** Task brief **
Set down each line of the data below exactly as it stands, dropping the pictures.

** Data to examine **
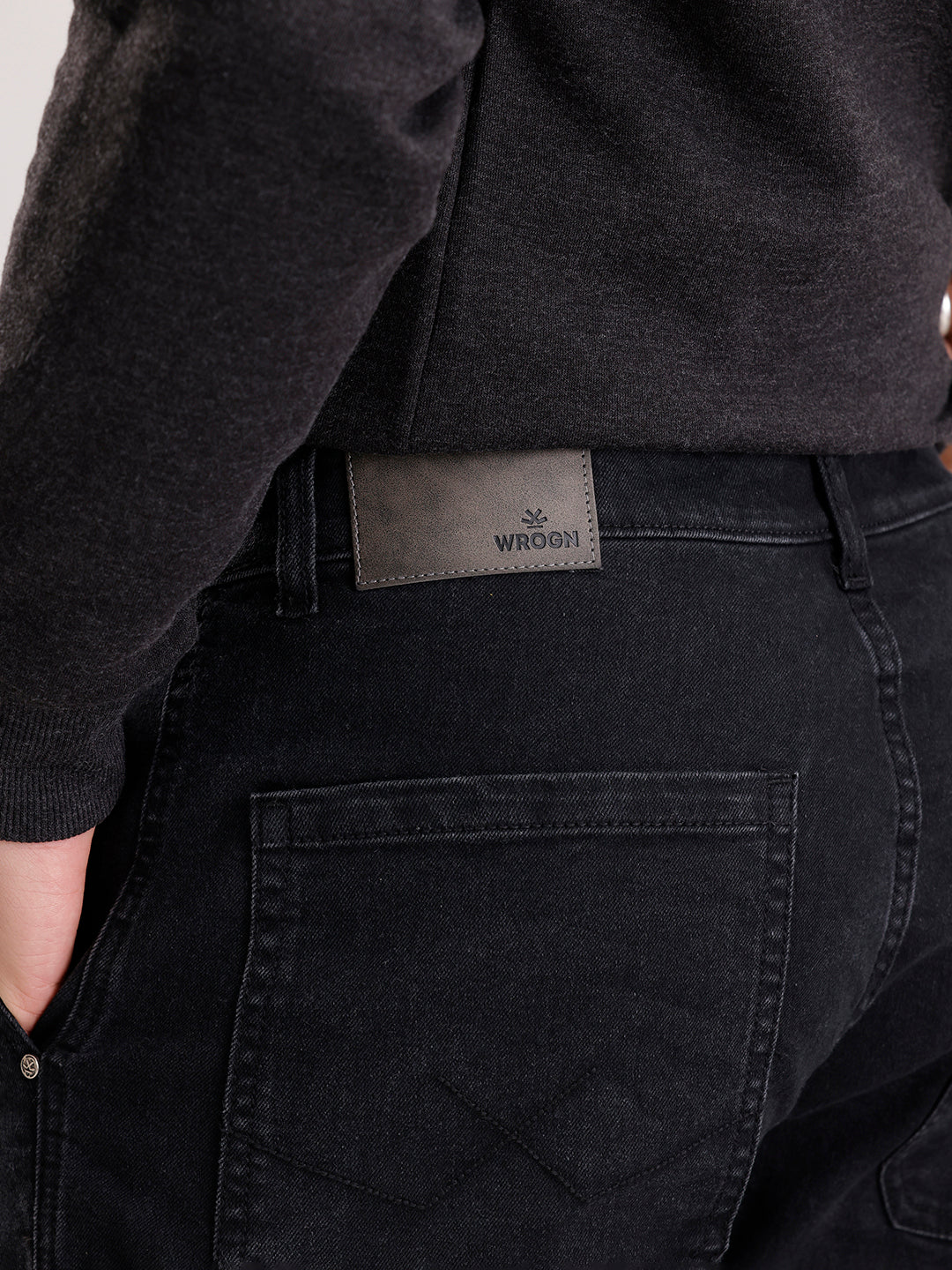 Solid Relaxed Fit Denim Cargo | Black - Image 6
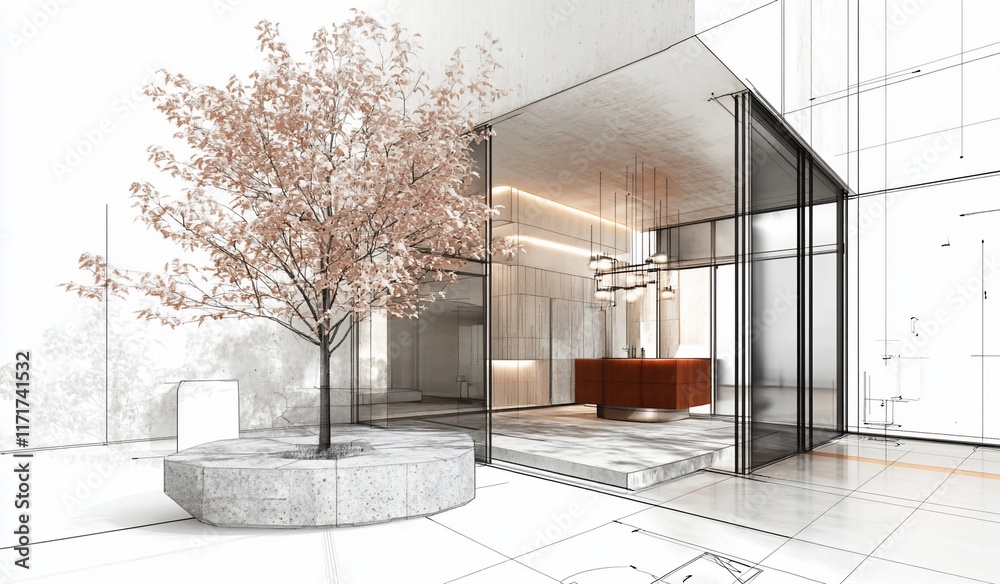 Fototapete architectural design rendering showing building lobby with tree and glass walls.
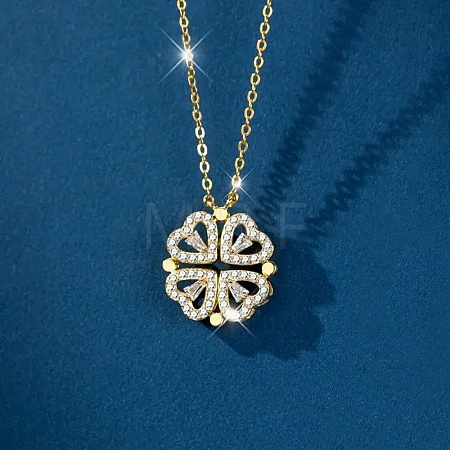 Clover 304 Stainless Steel Rhinestone Pendant Necklaces for Women LS-NJEW-M107-03G-1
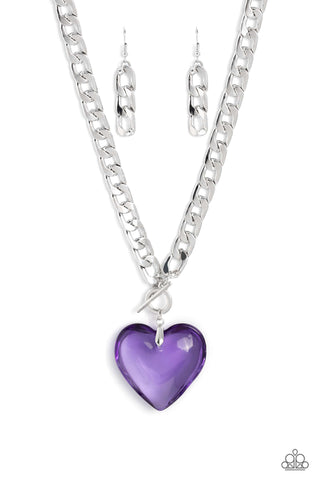 Paparazzi-GLASSY-Hero - Purple Necklace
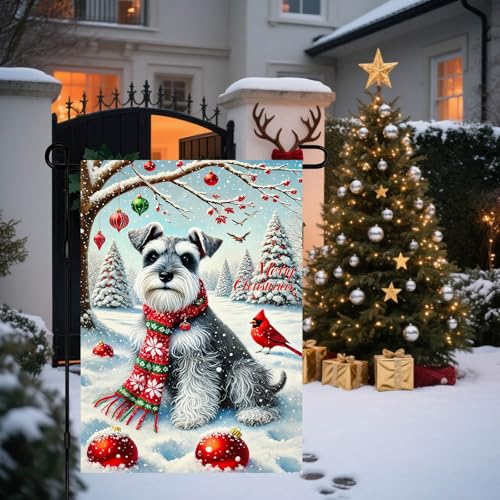 Image of BlissYard Winter Garden Flag Schnauzer Cardinal Snow Scene 12 x 18 Inch | Schnauzer and Cardinal, Snowy Tree Scene, Winter Yard Decor, Lawn, Porch, Patio, Garden, Seasonal Outdoor Flag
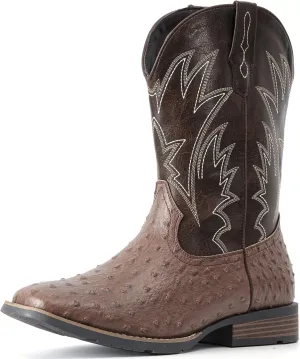 IUV Cowboy Boots For Men Western Ostrich Wide Durable Fashionable Embroidered Pull On Slip Resistant Assorted Colors Boots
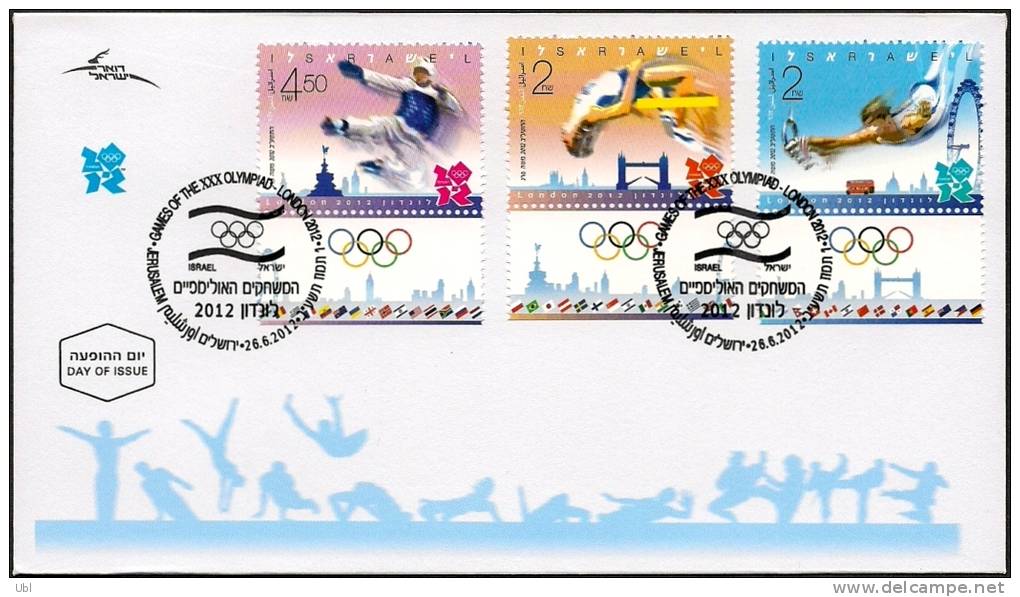 ISRAEL - 2012 - London 2012, The 30th Summer Olympic Games - A Set Of 3 Stamp With Tabs - FDC - Summer 2012: London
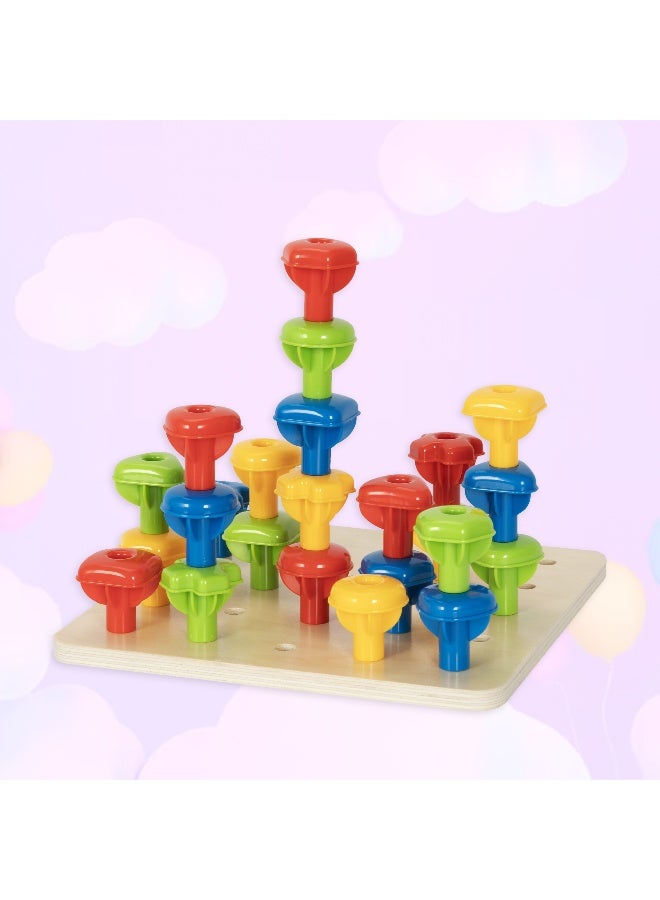 COGNIKIDS أعمدة قوس قزح للتكديس للأطفال الصغار | لعبة تكديس خشبية ملونة مع 7 أعمدة نابضة بالحياة | لعبة تعليمية مبكرة لتطوير مهارات الألوان والفضاء | هدية آمنة للأطفال وفق منهج مونتيسوري - Image 4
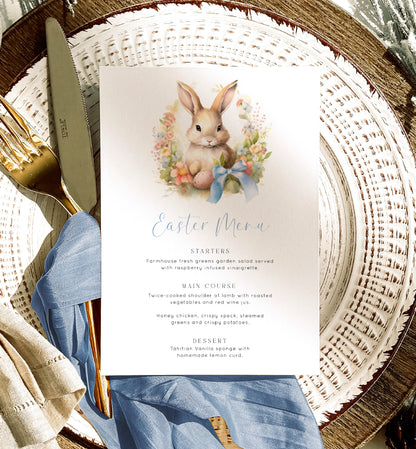 Printable Easter Menu Template, Easter Brunch Menu, Easter Lunch Menu, Easter Dinner Menu, Easter Bunny, Easter Egg Hunt, Easter Food Menu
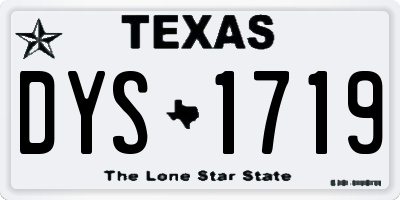 TX license plate DYS1719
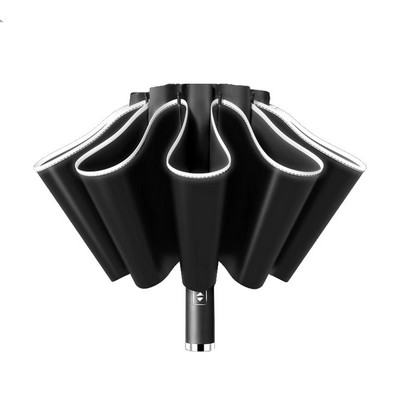 Fully Automatic Reverse Folding Travel Umbrella Inverted with LED Flashlight(10 bones)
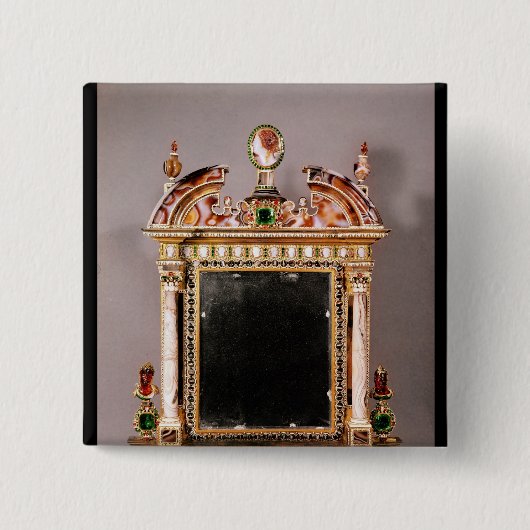 Mirror van Marie de Medici Vierkante Button 5,1 Cm (Voorkant)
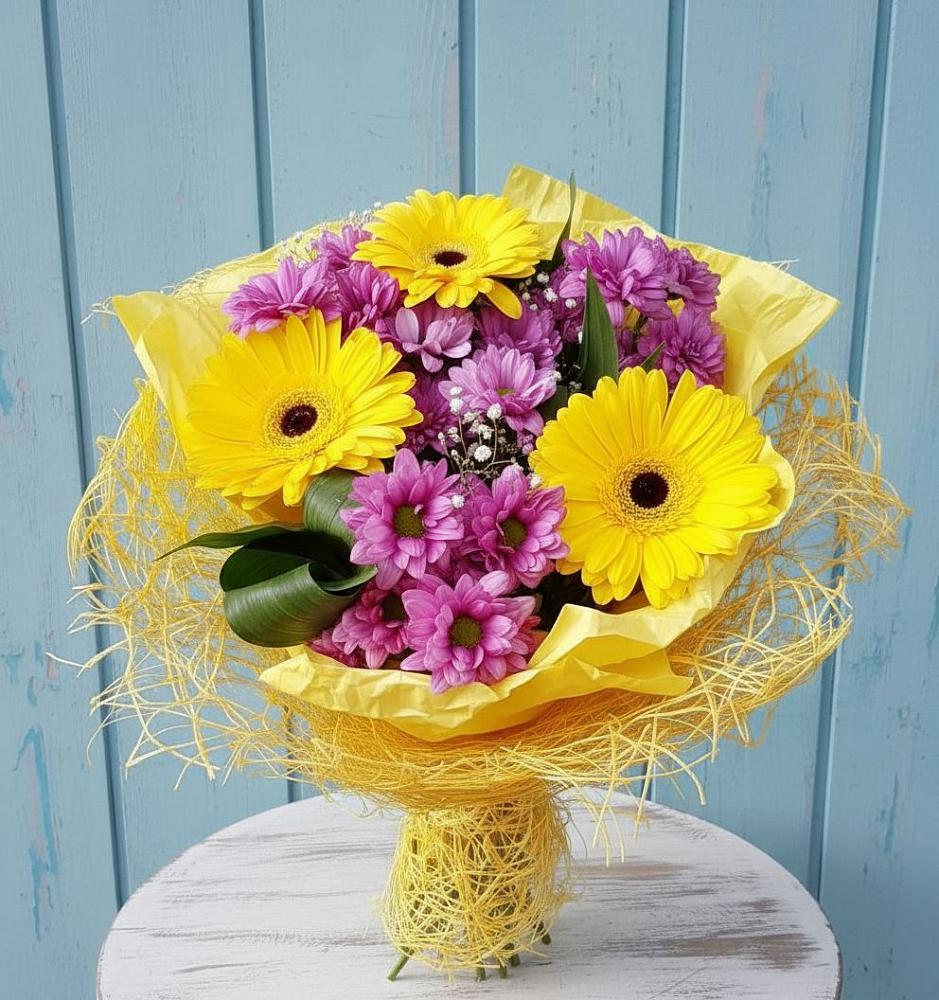 Букет цветов из: Хризантемы и Герберы в Спас-Заулок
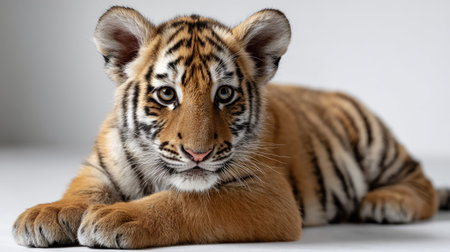 This captivating image features a young tiger cub resting on a smooth surface, showcasing its stunning fur patterns and expressive eyes. The playful nature of the cub brings a sense of innocence and beauty to the composition, making it an ideal representation of wildlife.の素材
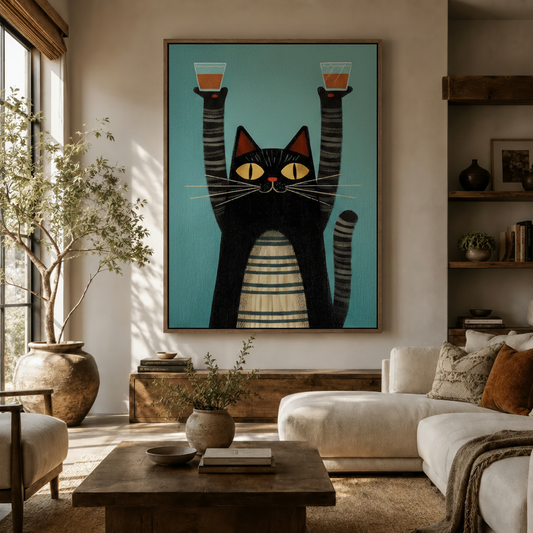 Retro tuxedo cat whiskey canvas wall art displayed above sideboard in warm neutral living room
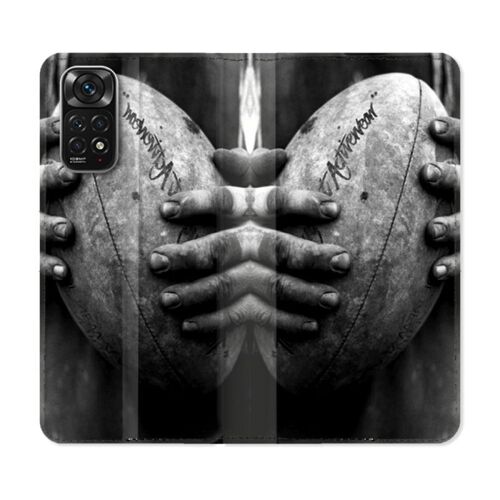 Housse Cuir Portefeuille Pour Xiaomi Redmi Note 11 / 11s Sport Rugby Ballon Vintage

** Response **
 Solid Relaxed Fit Denim Cargo | Black - Image 6
 Fototapete architectural design rendering showing building lobby with tree and glass walls.
 Clover 304 Stainless Steel Rhinestone Pendant Necklaces for Women LS-NJEW-M107-03G-1
 Paparazzi-GLASSY-Hero - Purple Necklace
 Image of BlissYard Winter Garden Flag Schnauzer Cardinal Snow Scene 12 x 18 Inch | Schnauzer and Cardinal, Snowy Tree Scene, Winter Yard Decor, Lawn, Porch, Patio, Garden, Seasonal Outdoor Flag
 IUV Cowboy Boots For Men Western Ostrich Wide Durable Fashionable Embroidered Pull On Slip Resistant Assorted Colors Boots
 ISRAEL - 2012 - London 2012, The 30th Summer Olympic Games - A Set Of 3 Stamp With Tabs - FDC - Summer 2012: London
 COGNIKIDS أعمدة قوس قزح للتكديس للأطفال الصغار | لعبة تكديس خشبية ملونة مع 7 أعمدة نابضة بالحياة | لعبة تعليمية مبكرة لتطوير مهارات الألوان والفضاء | هدية آمنة للأطفال وفق منهج مونتيسوري - Image 4
 Printable Easter Menu Template, Easter Brunch Menu, Easter Lunch Menu, Easter Dinner Menu, Easter Bunny, Easter Egg Hunt, Easter Food Menu
 TX license plate DYS1719
 Fully Automatic Reverse Folding Travel Umbrella Inverted with LED Flashlight(10 bones)
 Mirror van Marie de Medici Vierkante Button 5,1 Cm (Voorkant)
 Букет цветов из: Хризантемы и Герберы в Спас-Заулок
 This captivating image features a young tiger cub resting on a smooth surface, showcasing its stunning fur patterns and expressive eyes. The playful nature of the cub brings a sense of innocence and beauty to the composition, making it an ideal representation of wildlife.の素材
 Retro tuxedo cat whiskey canvas wall art displayed above sideboard in warm neutral living room
 Housse Cuir Portefeuille Pour Xiaomi Redmi Note 11 / 11s Sport Rugby Ballon Vintage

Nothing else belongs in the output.